A novel adaptive controller for two-degree of freedom polar robot with unknown perturbations

In industrial applications, the performance of robot manipulators is always affected due to the presence of uncertainties and disturbances. This paper proposes a novel adaptive control scheme for robust control of robotic manipulators perturbed by unknown uncertainties and disturbances. First, an active sliding mode controller is designed and a sufficient condition is obtained guarantying reachability of the states to hit the sliding surface in finite time. Then, based on a Lyapunov function candidate an adaptive switching gain is derived which make the controller capable to bring the tracking error to zero without any disturbance exerted upon the stability. By virtue of this controller it can be shown that the controller can track the desired trajectories even in the presence of unknown perturbations. For the problem of determining the control parameters Particle Swarm Optimization (PSO) algorithm has been employed. Our theoretic achievements are verified by numerical simulations.

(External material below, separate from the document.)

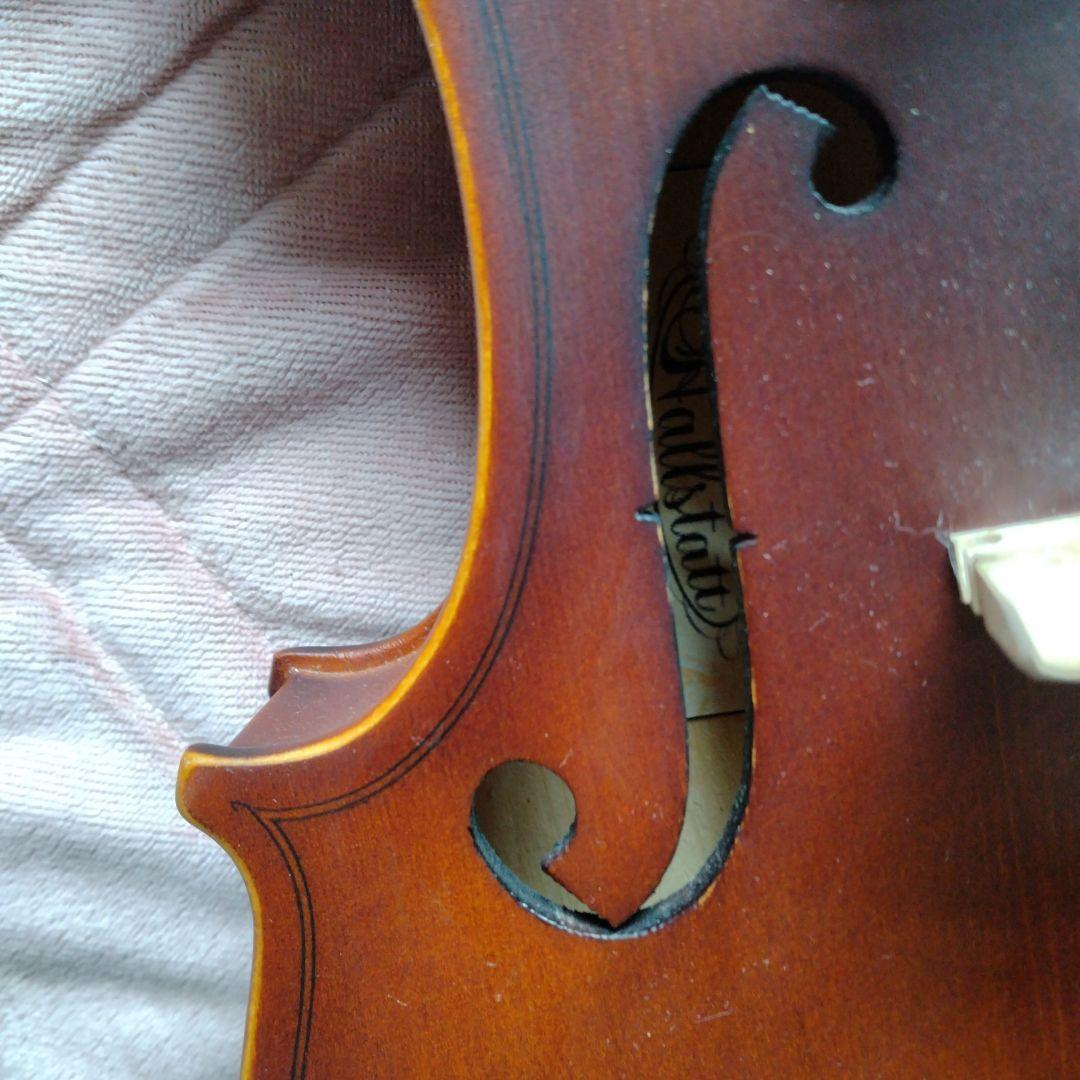 Hallstatt Violin バイオリン　4/4 サイズ　V-12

► A simple active sliding mode controller is proposed. ► A novel adaptation law is derived for the switching gains of the controller. ► By the virtue of the adaptation law, there is no need for the knowledge of upper bounds of uncertainties and disturbances. ► Stability proofs are presented based on Lyapunov theory. ► Particle Swarm Optimization is employed for the problem of determining appropriate values of the controller.